Italy is also going to suffer, whereas France and Germany will continue to get none of their growth from rising labour inputs.
The net result, across the eurozone, could be to knock 0.25-0.50% off the eurozone's long run trend rate of growth. That might not sound like much, but when you're looking at growth of less than 2% a year, every little helps.
As the chart shows, the story is very different indeed in the US. There, as ever, sheer people power is going to be adding to the country's potential growth, almost regardless of what happens to the rest of the economy.
Chart showing euro area and US working age
Faster labour force growth can't solve all of America's problems, and it certainly can't guarantee a higher national standard of living.
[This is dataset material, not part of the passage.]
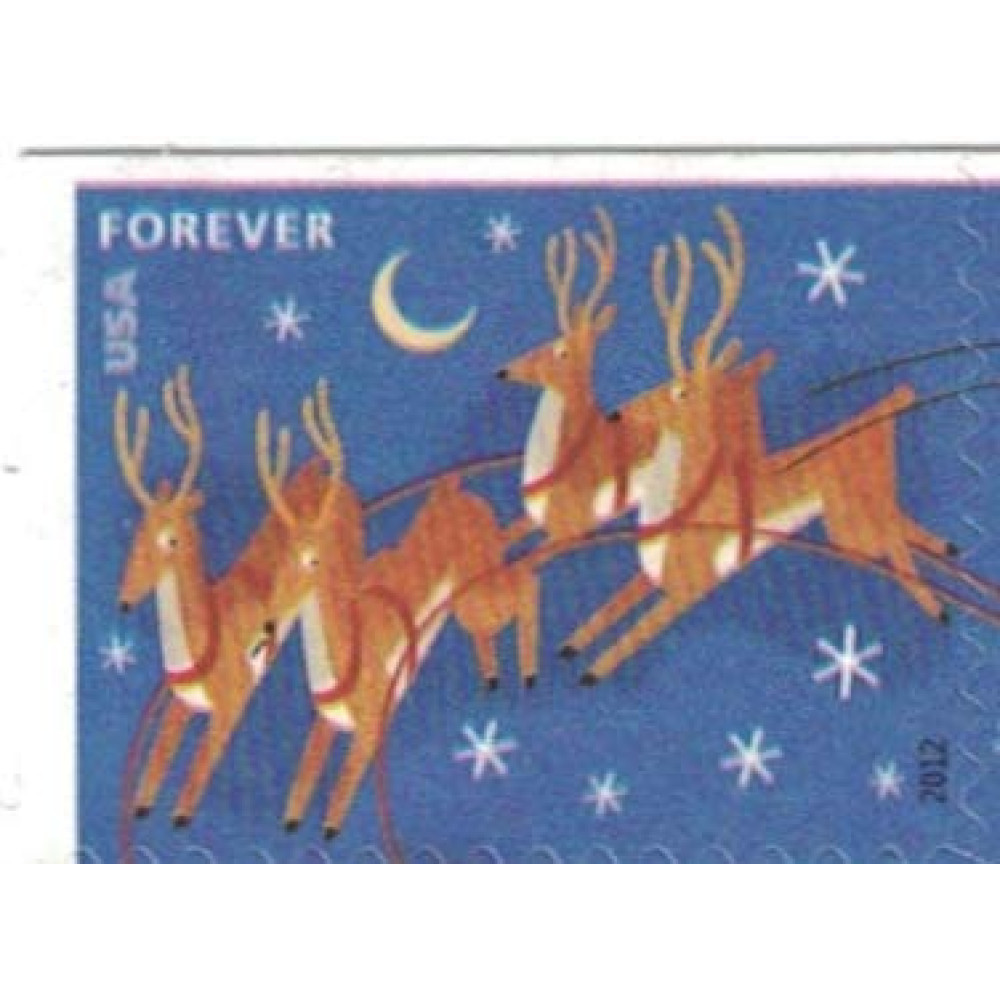 (2012) US Stamp Santa & Sleigh - Booklet of 20 Forever Stamps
GDP per head might stagnate, even as overall GDP continues to rise. But by making nominal GDP grow faster relative to government borrowing, it makes the long-term debt dynamics for the US a lot easier than Europe's.
In the short term, it also makes it easier to shoulder the cost of all those baby boomers growing old. And, of course, it adds to the impression that the US is still a young country, whereas most of Europe is growing old.
Demographics aren't everything. There are plenty of other reasons why one country may grow father than another. But their very different demographic fortunes do provide another reason why investors may end up choosing America over Europe.